Maar da’s ook logisch want toen praatten we nog gewoon met elkaar en zat je niet kromgebogen over een telefoon te hangen. In mijn beleving waren dit altijd hele fijne avonden, vooral die vroege voorjaarsavonden, daar denk ik met veel plezier aan terug. Dan voelde je je heel wat, kon je de hele wereld aan en genoot je van je vrienden. Natuurlijk stonden we er ook in de koudere maanden van het jaar maar dan was het toch weer nét even anders. Behalve als de winter inviel, dan rook je die flotterlucht weer tijdens het schaatsen of tijdens een sneeuwballen gevecht.
De aantrekkingskrachten tussen mensen blijft een bijzonder gegeven.
Een nadeel van dichtbij de hangplek wonen was er ook. Niet voor mijn moeder. Die hoefde slechts de achterdeur te openen: “Muis! Thuiskomen!” Natuurlijk reageerde ik niet maar dat deden de oudere jongens wel: “Ja Muis, je moet naar huis! Hij komt eraan!” En wat hadden ze dan een lol! Als ik later dan chagrijnig in bed lag, hoorde ik soms het gelach van die gasten die nog wel ‘buiten mochten spelen’ en werd mijn chagrijn er eentje van categorie Code Rood.

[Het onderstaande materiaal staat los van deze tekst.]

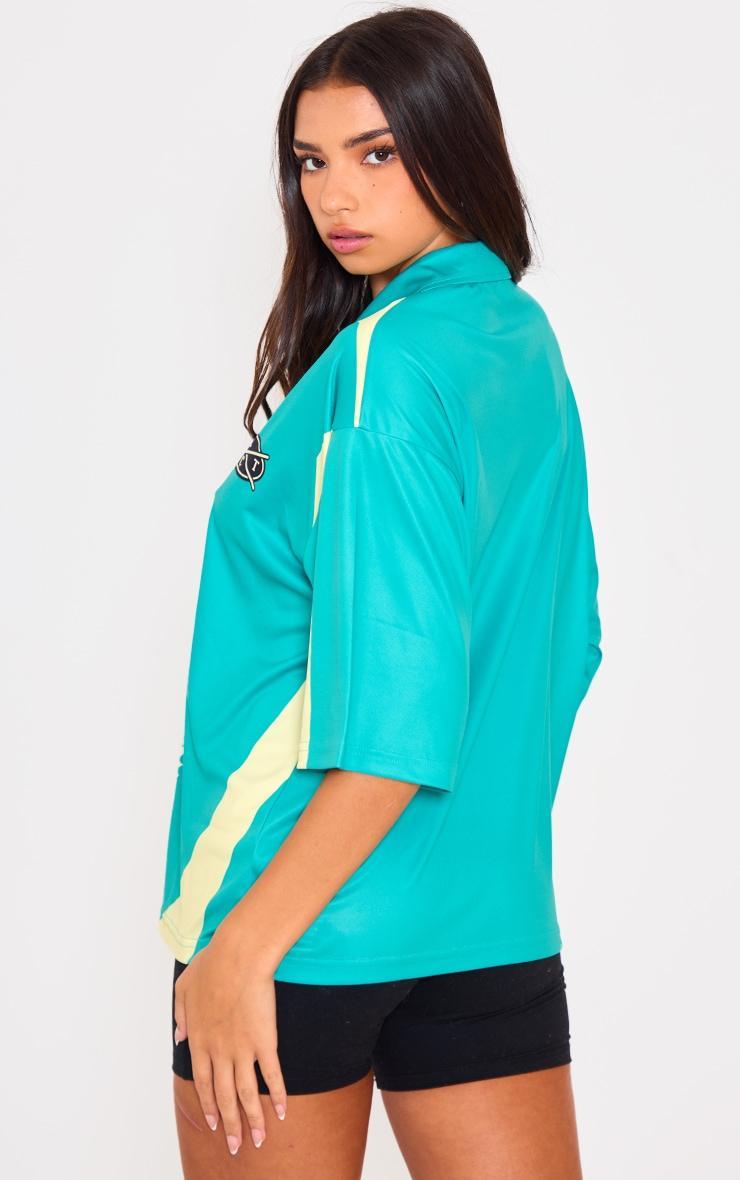 Green Sports Printed Collared Oversized Jersey Product Image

Uiteindelijk sliep ik in met de gedachte dat de nieuwe dag vast weer nieuwe kansen zou brengen.
Toen ik voorzichtig een beetje mocht uitgaan was het hek van de dam. Overdag stonden we dan niet meer bij de lantaarnpaal maar brommerden we naar de haven alwaar boten af en aan toeristen dropten op ons mooie eiland. Wij keken dan vanaf onze Zundapp’s en Kreidlers naar de meiden die eraf liepen. Met een beetje mazzel kwam je ze dan die avond weer tegen in de discotheek en was het kennismaken geblazen. Of je kreeg de deksel op de neus.
Maar meestal ging het goed.
Dan ging het vermaak na de disco op de camping nog even door. En er ontstonden zelfs echte vriendschappen die elke vakantieperiode erna steeds hechter werden tussen eilander – en jeugd van ‘de wal’.
Mooie tijden.
Tijden die zich in elke generatie herhalen. Op jeugdige leeftijd maar ook op oudere leeftijd zoals in het verzorgingstehuis van mijn schoonvader. In de gangen schuifelen ze dan rond of ze gaan even zitten aan een van de zitjes in de gang. Op zoek naar die lantaarnpaal of andere hangplek uit hun jeugd. Want de herinnering blijft.
Net zoals de behoefte om niet alleen achter te blijven.